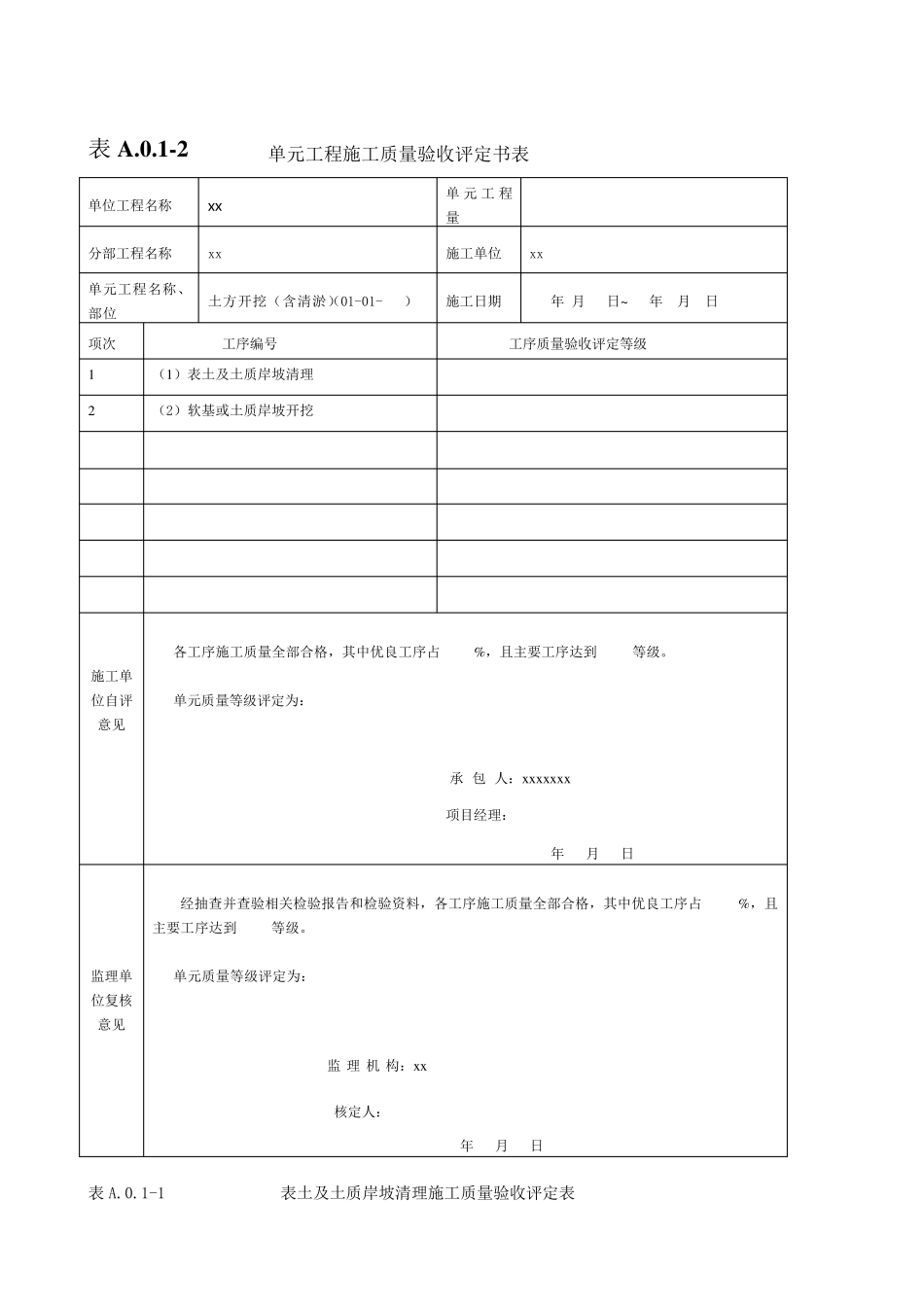 最新的单元工程施工质量评定表(例表)_第2页
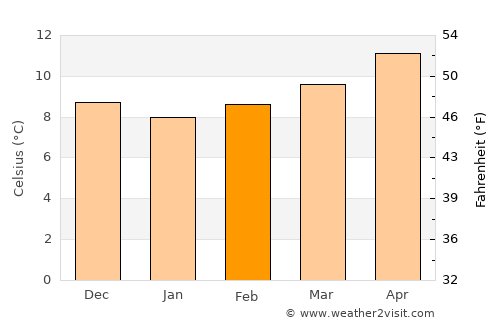 Axpe-San Bartolome average temperature in February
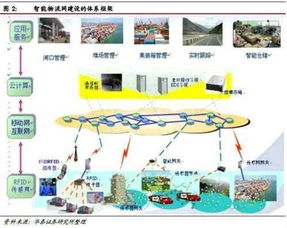 系統集成與物流服務市場 云計算裝備技術服務的新機遇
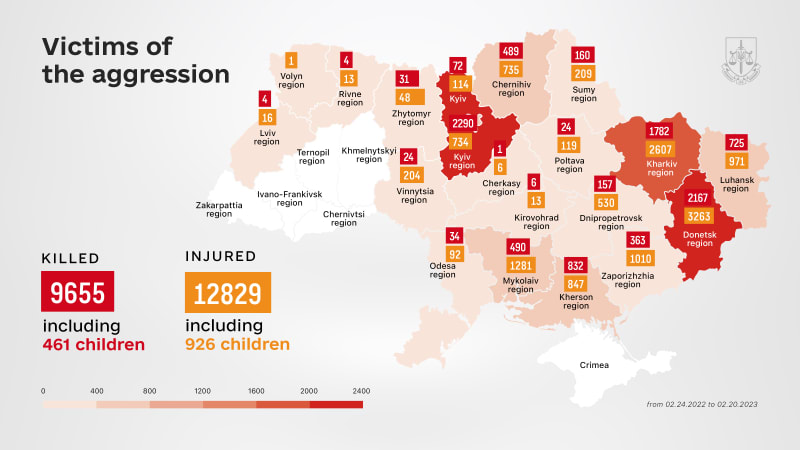 Rusové jsou podle Ukrajinců zodpovědní za smrt minimálně 9 655 civilistů, a to včetně 461 dětí.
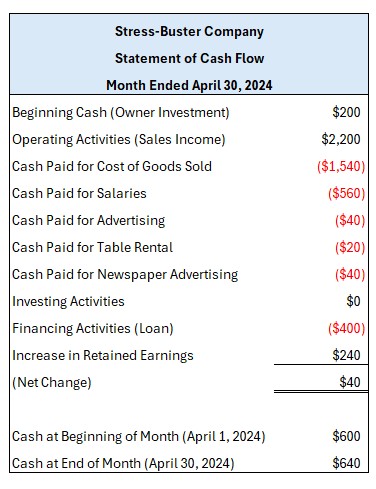 Statement of Cash Flow After First Month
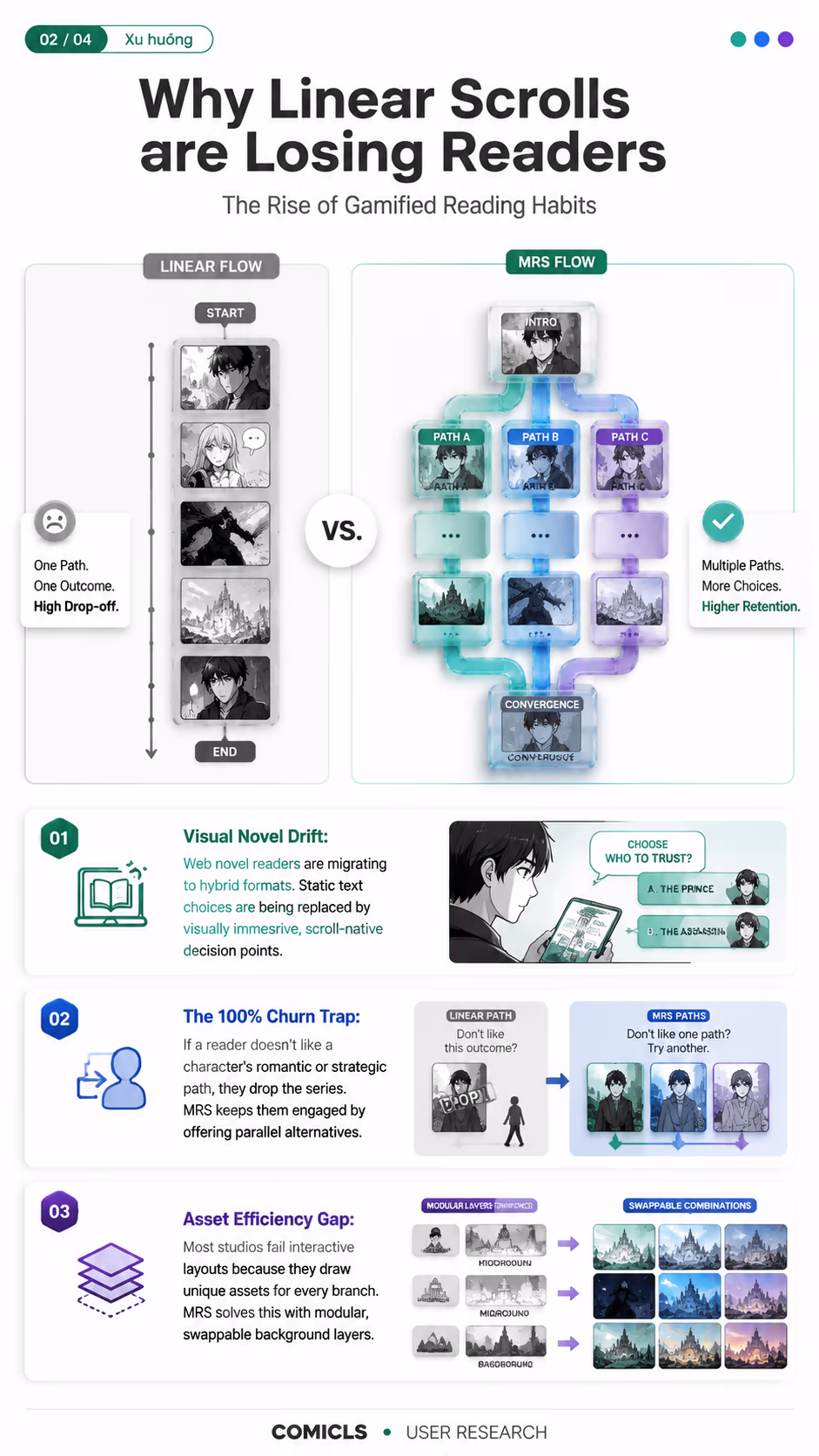 Why Linear Scrolls are Losing Readers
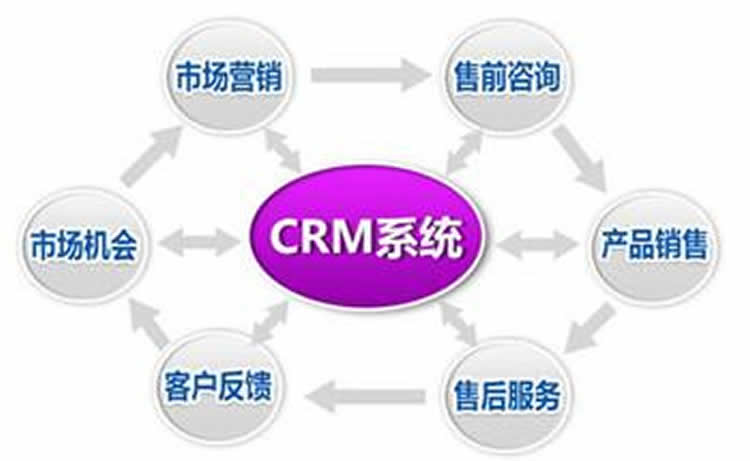 要用技術(shù)解決CRM問題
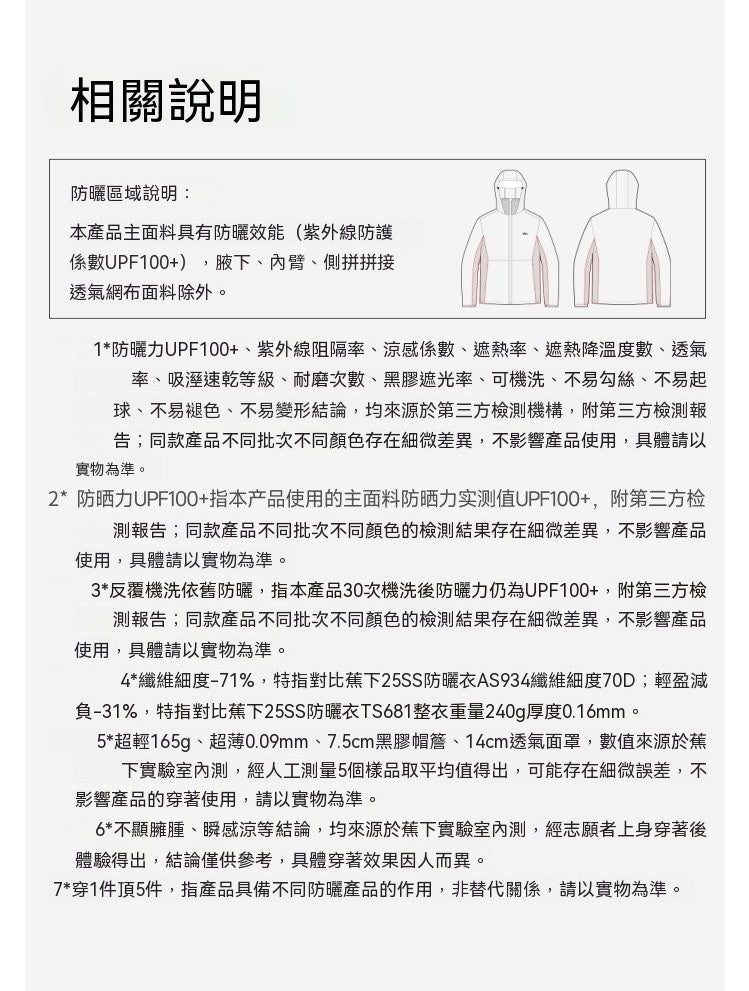 Lightweight Cooling Sun Protection Jacket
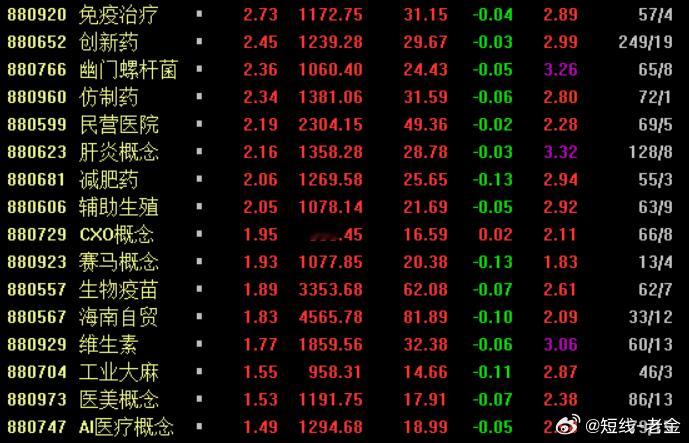 福建今天平潭与海峡是证名的一天，只要不被合富与航天发展拖死就行，继续熬这个平台，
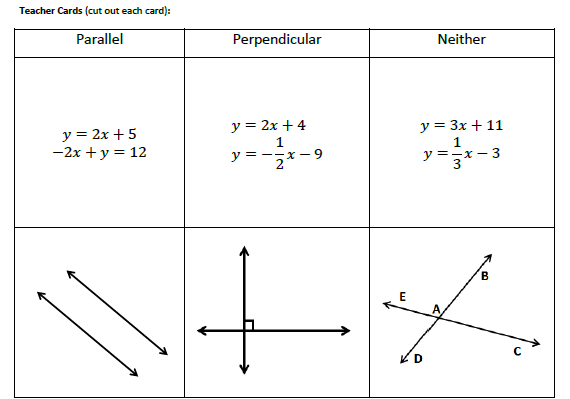 ParallelPerpendicularNeither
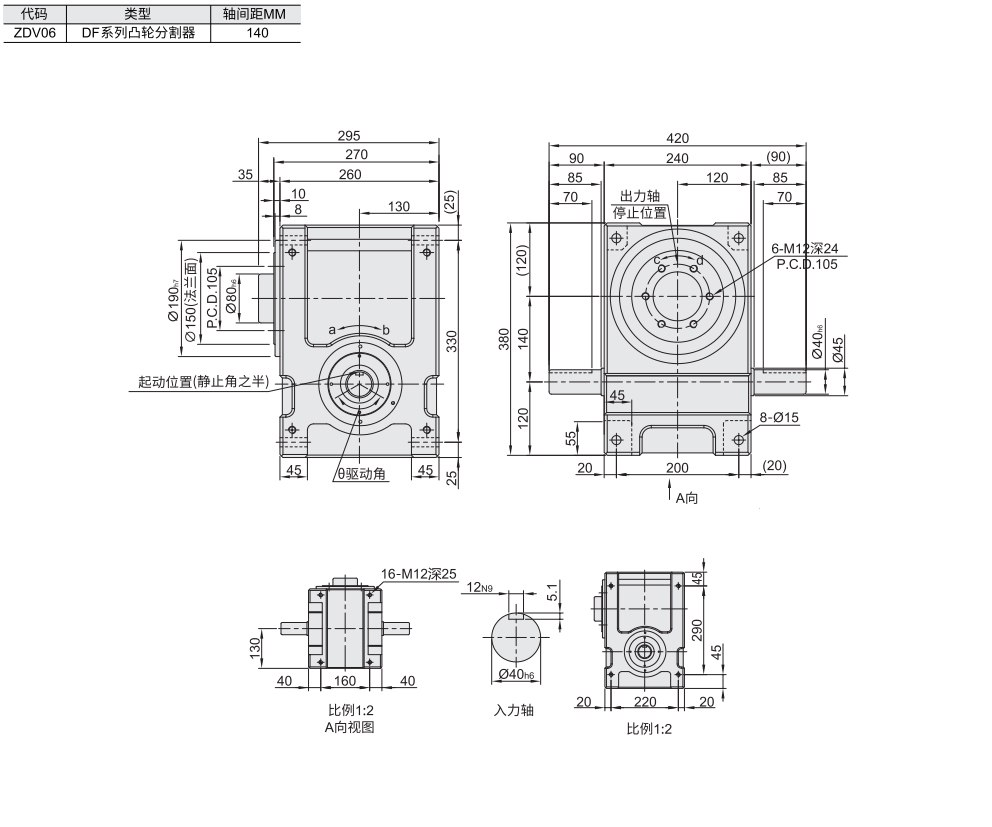 凸缘型DF系列 140DF材质图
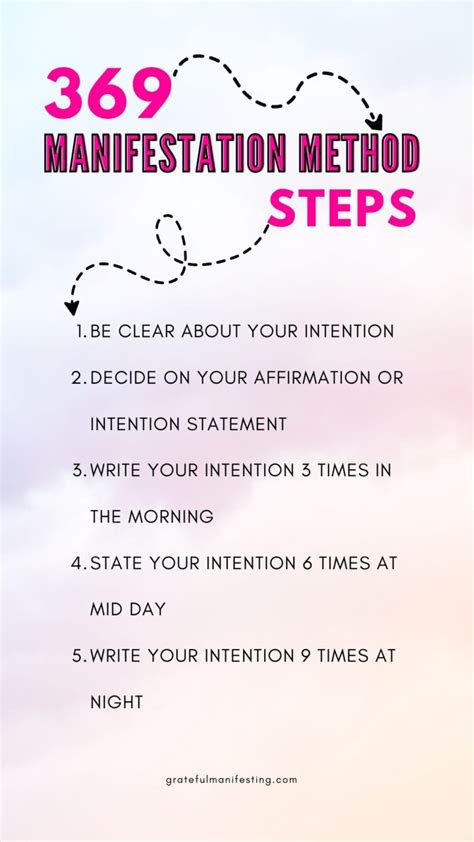 Tips for Using Manifestation Template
^^^^^^^^
### [Your task]
Write the lines out exactly, beginning at the line that holds "Statement of Cash Flow After First Month" and stopping after the last line of the entries; include no pictures.

### [Answer]
 Statement of Cash Flow After First Month
 Why Linear Scrolls are Losing Readers
 要用技術(shù)解決CRM問題
 Lightweight Cooling Sun Protection Jacket
 福建今天平潭与海峡是证名的一天，只要不被合富与航天发展拖死就行，继续熬这个平台，
 ParallelPerpendicularNeither
 凸缘型DF系列 140DF材质图
 Tips for Using Manifestation Template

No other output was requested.